Consider combining your accounts. You can save money by sharing data and minutes between more than one line. Many providers offer discounts for multiple lines. One line can cost up to $75 a month. If you have more than one line, you can get the same data plan for $10-$20 per line. Don't increase your plan unless you are using all the data. You don't need high-speed data to get all the calls you need.

Decrease Expenses Instead of Cutting Them Out

If you're struggling to stay within your monthly budget, the first thing you should consider is decreasing your expenses instead of cutting them out completely. In general, most Americans live paycheck to paycheck, and this can vary greatly from household to household. But if you want to save money and still afford to live comfortably, here are Ways To Cut Spending On Home Expenses that will help you right now.

Shop with a Grocery List

Having a grocery list makes shopping for food easier. This will prevent you from buying items without weighing the cost. Whether you use a cell phone or a piece of paper, you should always have a list with you when you go shopping. Bring only those items on your list with you. Always avoid shopping on an empty stomach. Stick to aisles that contain only the items you need and never pick up items you don't really need.

Making a grocery list is a great way to stick to your budget and avoid impulse purchases. Make a list for every single item and stick to it! This way, you won't spend more than you need to and will avoid overspending on expensive items or processed foods. If you are buying groceries for your family, stick to your list. This will help you stay focused and prevent you from picking up items that are not needed.

Save Loose Change

If you don't have a lot of money, save it! According to the U.S. Bureau of Economic Analysis, Americans only save 10 percent of their disposable income. Most other nations save 20% or more. You can still save some money for emergencies by taking advantage of free budgeting courses. One such course teaches you how to budget for your family's needs. A budget also helps you build a savings account and a retirement fund.

While conventional wisdom says you should set aside three to six months of living expenses as an emergency fund, this isn't realistic for low-income families.
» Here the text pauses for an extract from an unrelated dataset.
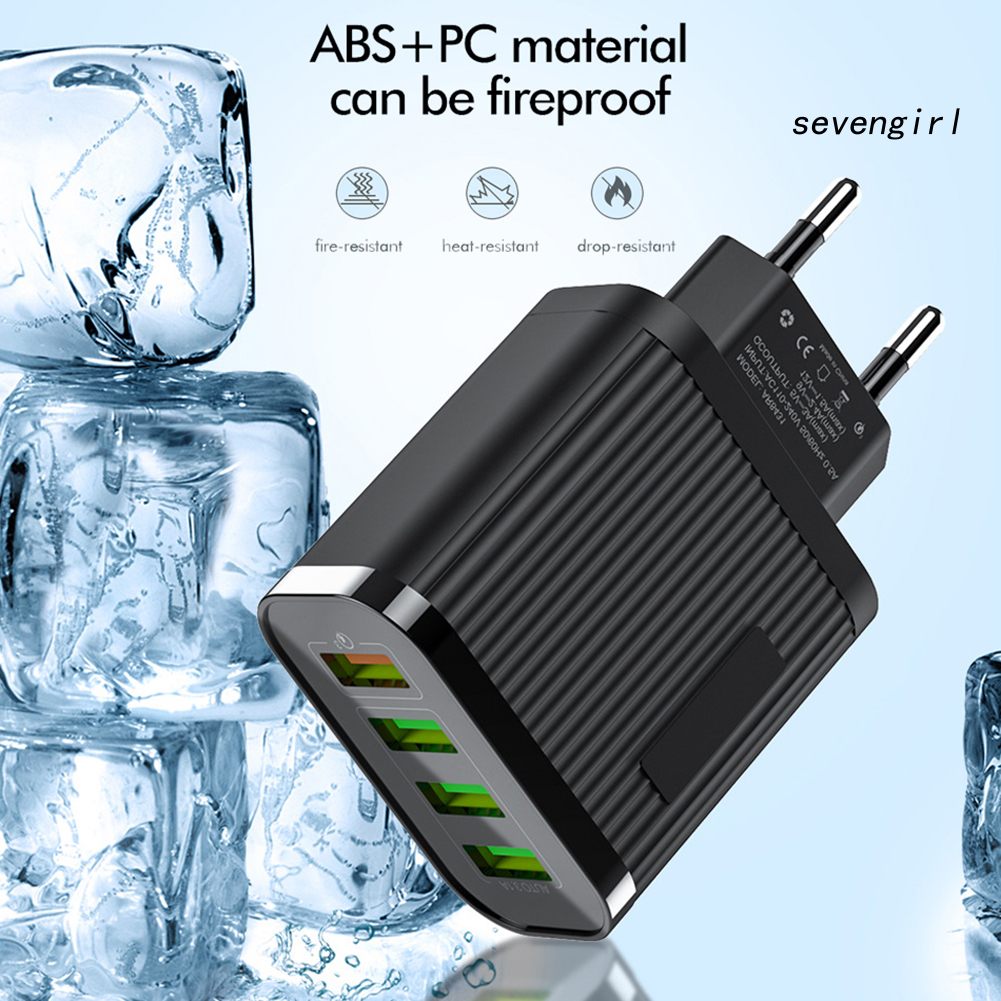Củ Sạc Nhanh 4 Cổng Usb 48w Qc3.0 Phích Cắm Eu Tiện Dụng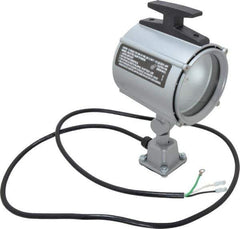 Electrix - 4 NEMA Rated, 12 VDC, 55 Watt, Spot Machine Light - Direct Mount, 5 Ft. Cord, 4-1/2 Inch Light Diameter, Gray - Exact Tool & Supply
But unexpected expenses happen to everyone. It's best to save some money each month for these unforeseen expenses. 

This way, you can meet unexpected costs without destroying your budget and forcing yourself to make hard decisions. When budgeting for low-income families keeps in mind these tips to save loose change.

Start by organizing all your loose change. You can use this money to pay for necessities, like food, or even for the occasional purchase of a small item. Organize the cash receipts by month. Start keeping track of the amounts you save. This way, you can track the actual amount you spend and can see where your money goes. By doing this, you can create a budget for your family's needs and start living within your means.

Put Housing First

Housing First has been around for a few years and has gained recognition as a 'Best Practice' in the United States, Canada, and Europe. Its success has been attributed to the inclusion of housing assistance in the budget of low-income families. The housing assistance budget can be a key component of a family's monthly expenses, but it should not be the only factor. There are other areas in which housing assistance is valuable and must be prioritized.

For example, many extremely low-income families pay over 50% of their annual income for housing, causing them to be at risk of homelessness. The problem has been compounded by the lack of affordable housing, as there are more families with children than ever before struggling to pay rent. While many families struggle to pay their rent even before the housing crisis struck, many more remain homeless or live in substandard housing. Unfortunately, housing problems often result in cascading harm in other areas of a family.